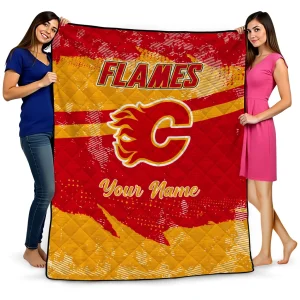 personalized calgary flames brushstroke layers red quilt blanket best selling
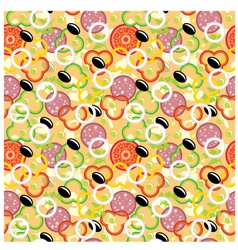 Seamless pizza pattern vector image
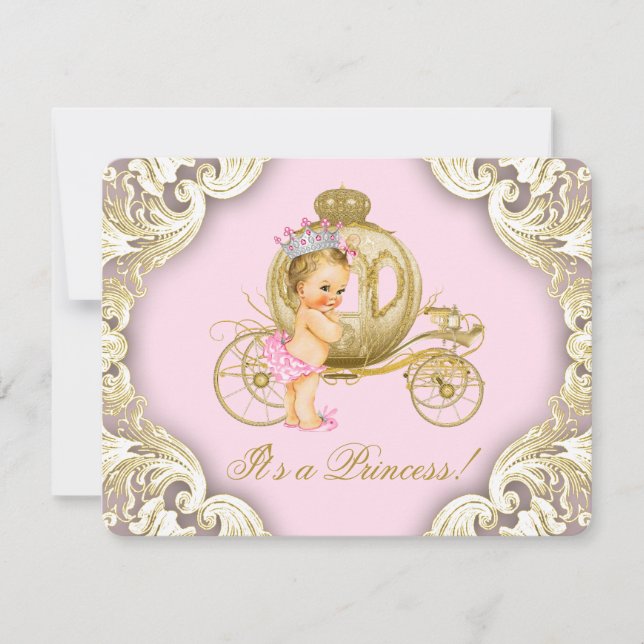 Pink and Gold Carriage Girls Princess Baby Shower Invitation (Front)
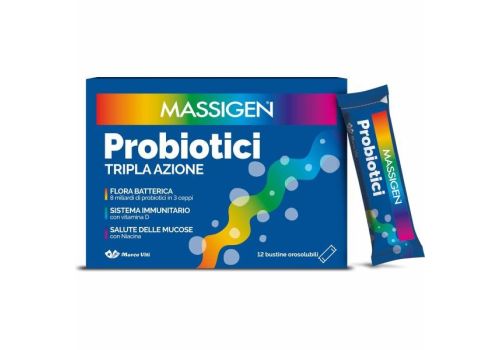 Massigen Probiotici Tripla Azione 12 bustine orosolubili 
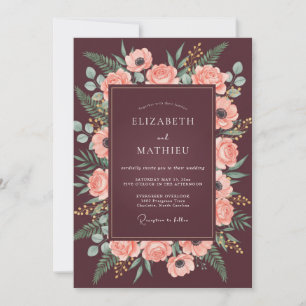 Invitación Boda Otoñal Verde Burdeos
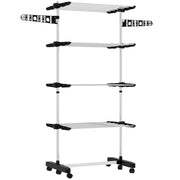 Stendino Verticale con 4 Ripiani Regolabili, in Acciaio e Plastica, 142x55x172 cm, Nero e Argento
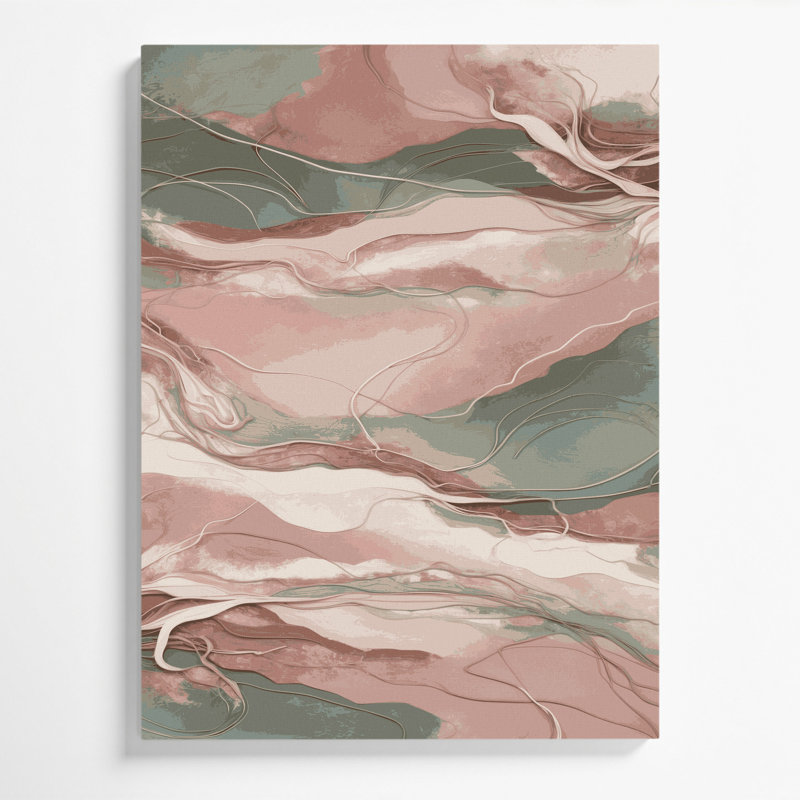 «Abstract Landscape 91», art mural sur toile brune, H 14 po x l 11 po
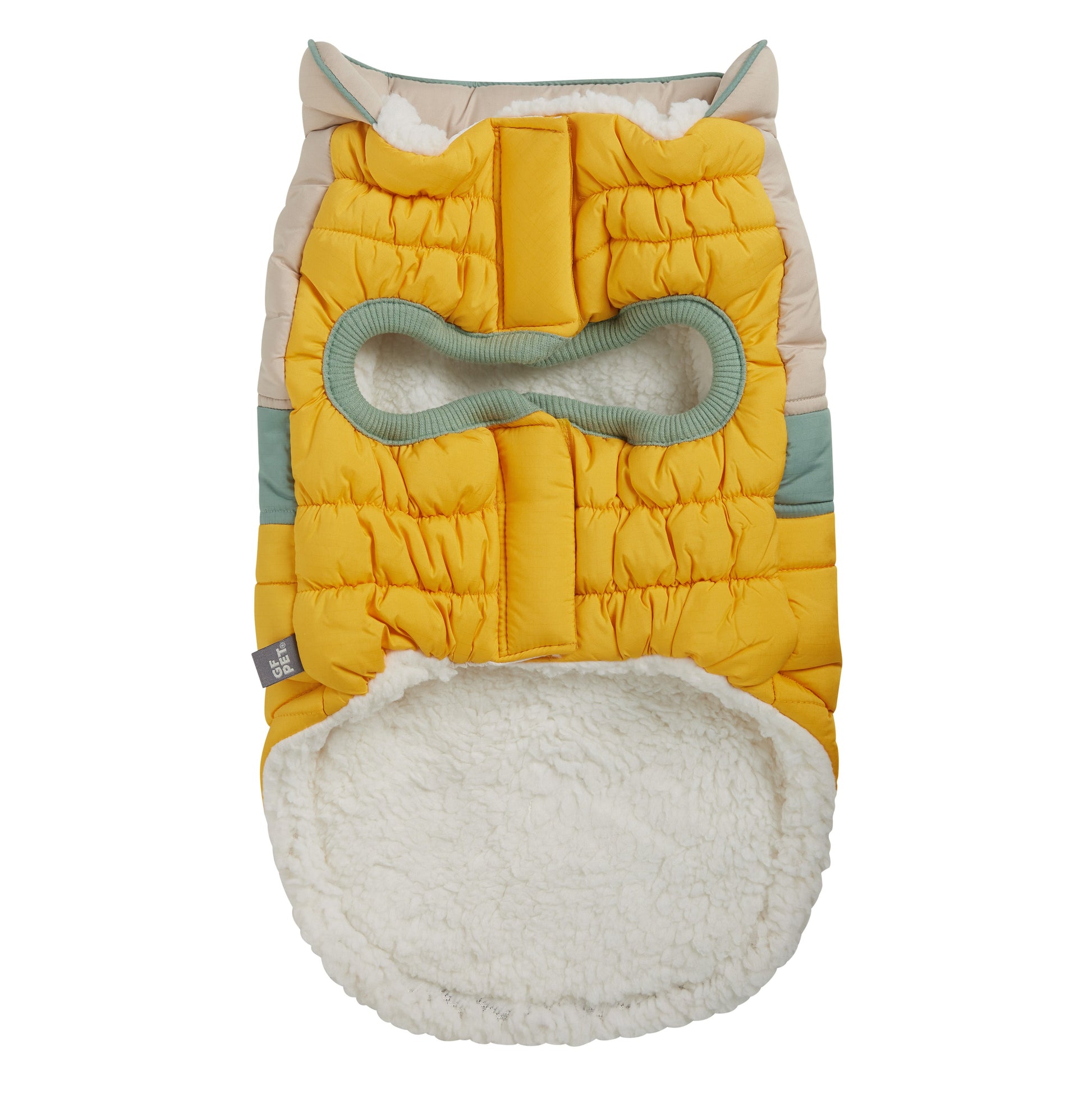 Camplife Puffer Yellow Dog Apparel Premium Pet Supply - lifestyle view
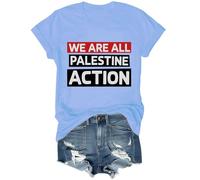 We are All Palestine Action - Camiseta unisex, Azul (carolina blue), L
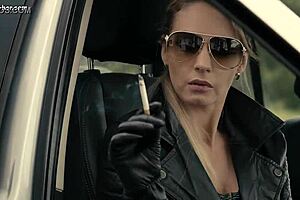 Leather-Clad Adventure in the Car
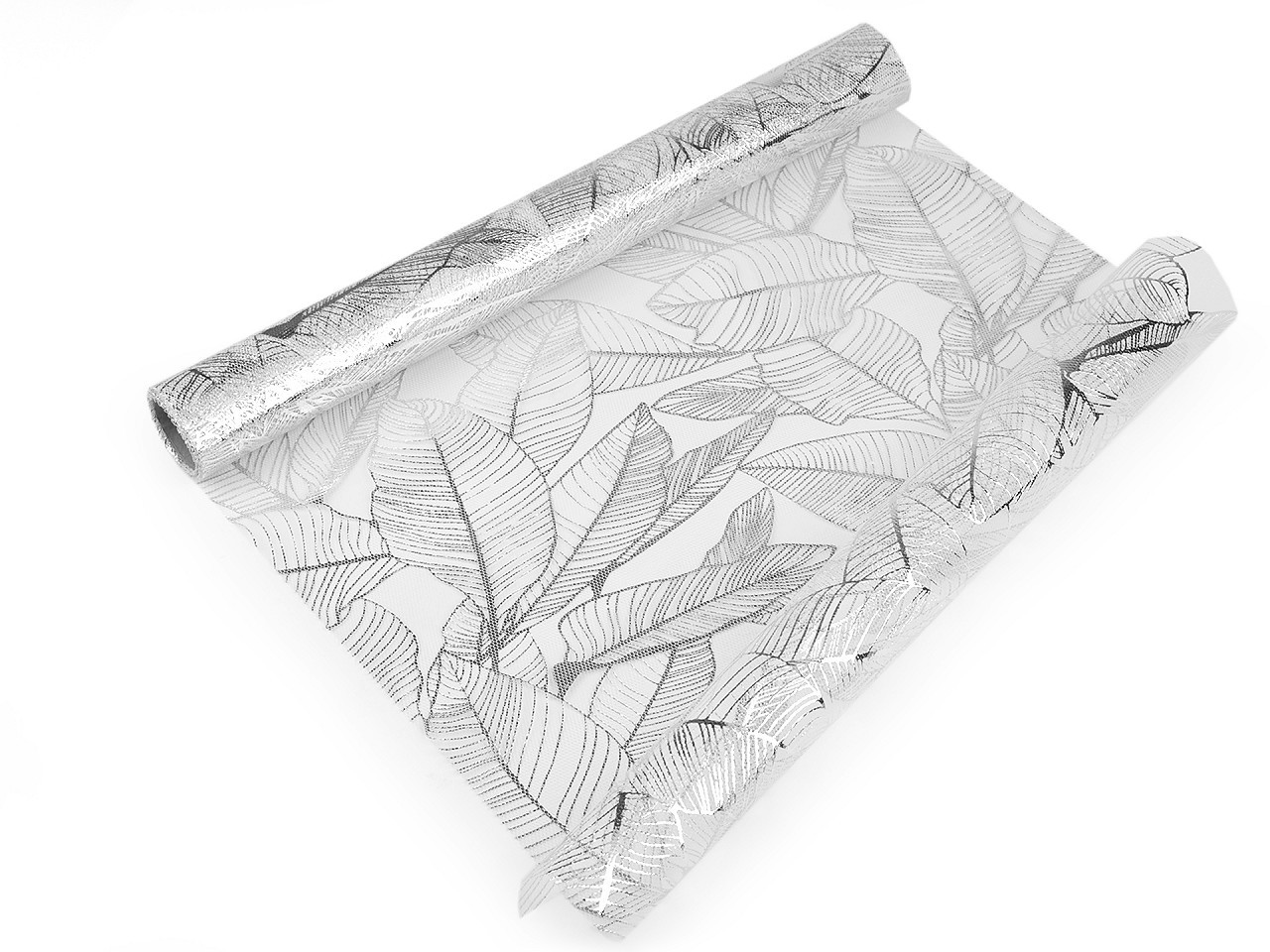 Tyl dekorační metalické listy šíře 48 cm, barva 1 stříbrná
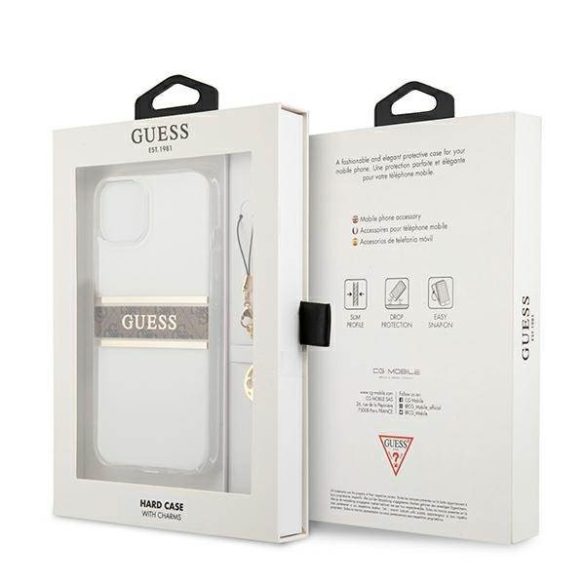 Guess GUHCP13SKB4GBR iPhone 13 mini 5,4" átlátszó 4G barna Strap Charm keménytok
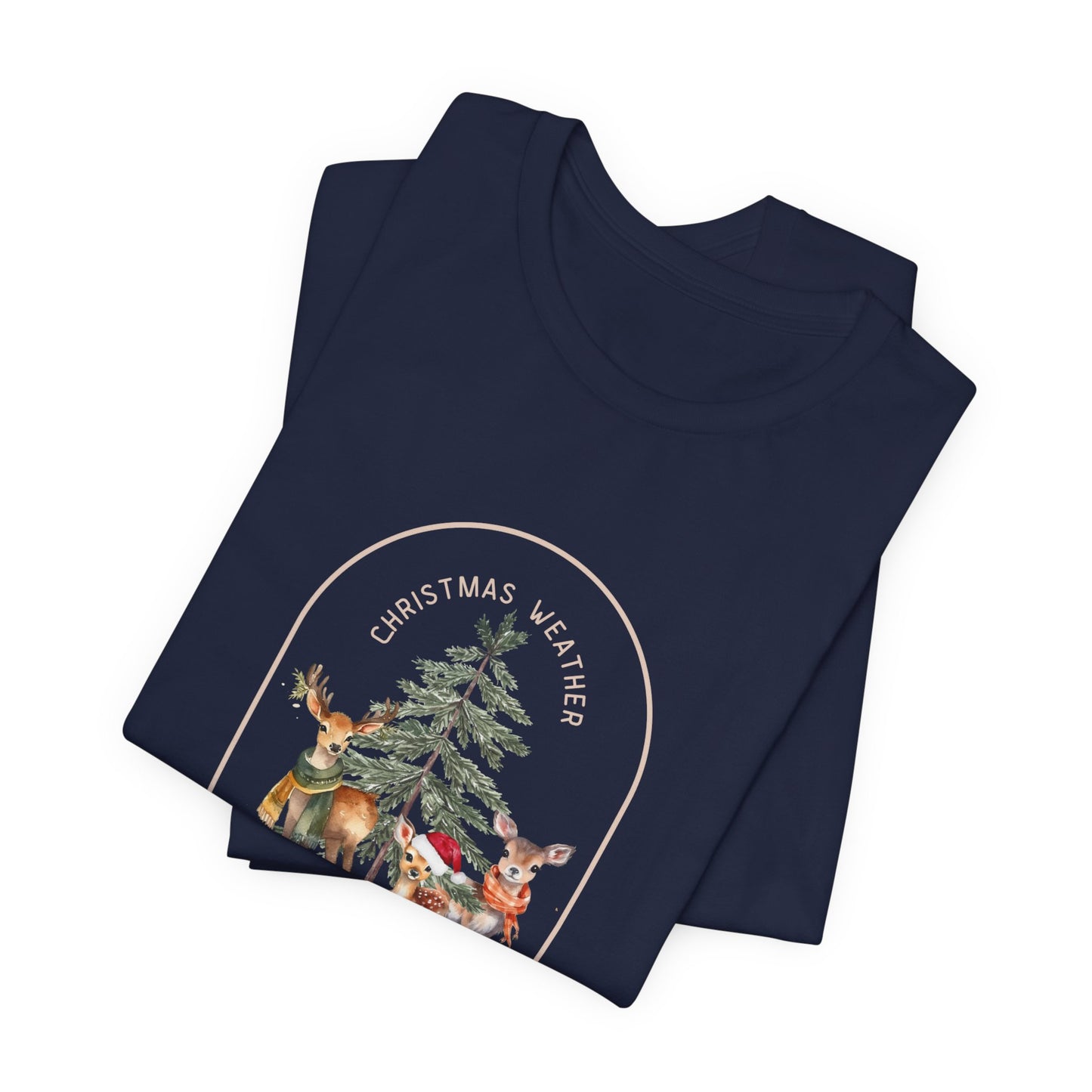 Christmas Deer Family Graphic Tee - Cozy Airlume Cotton Blend - Unisex Fit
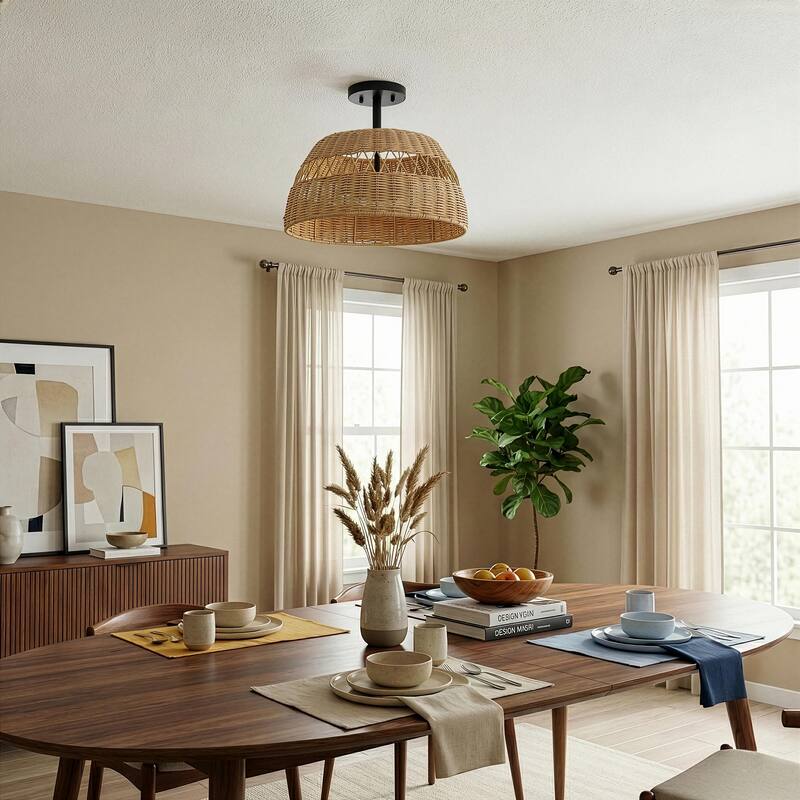Twinre Rattan Semi-Flush Ceiling Light, Farmhouse Double Light Fixture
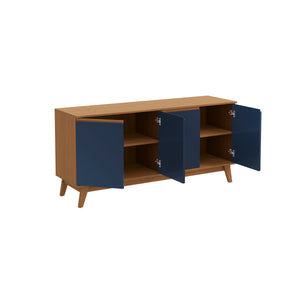Aparador Vajillero Kappesberg 156cm 4 Puertas Canela/Azul
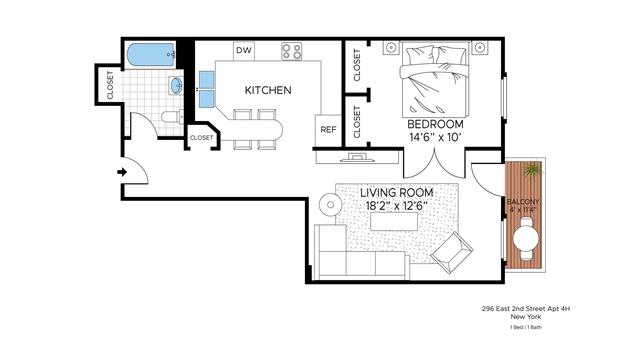 296 E 2nd St #4H, New York, NY 10009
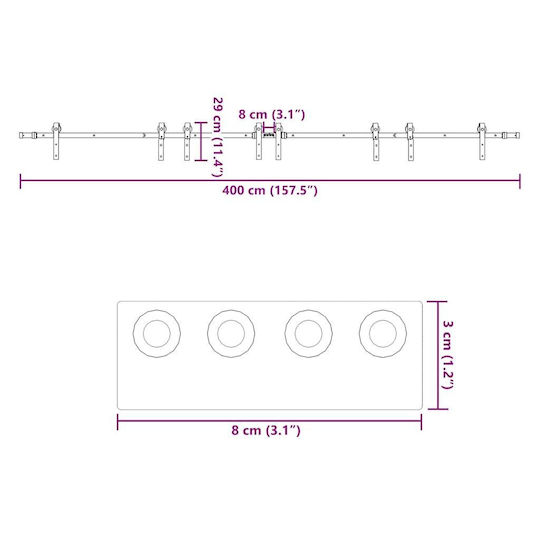 vidaXL Sliding Door Mechanism for Middle Door 400cm Black
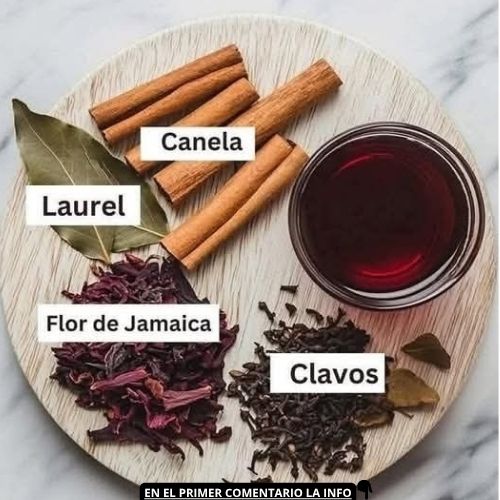Ingredientes natural: canela, laurel, flor de Jamaica y clavos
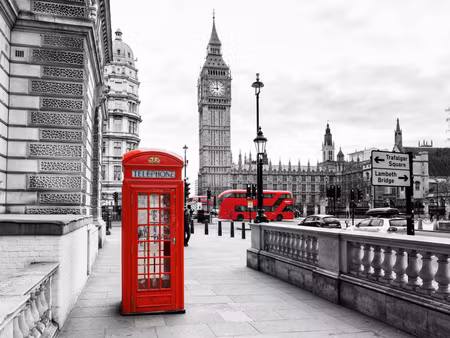 Canvastavla - Multipart London Telephone Booth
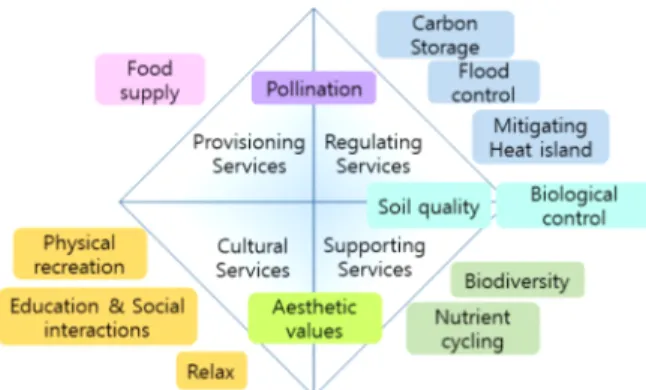 Fig. 1. ES assessment materials by spatial scale of study site. Fig. 2. The classes of ES in the urban garden.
-.-.-
### Exercise prompt
Only the lines from the one with "Canvastavla - Multipart" through the final line of the entries above are to be repeated, exactly as written and without pictures.

### Output for this exercise
 Canvastavla - Multipart London Telephone Booth
 Fig. 1. ES assessment materials by spatial scale of study site. Fig. 2. The classes of ES in the urban garden.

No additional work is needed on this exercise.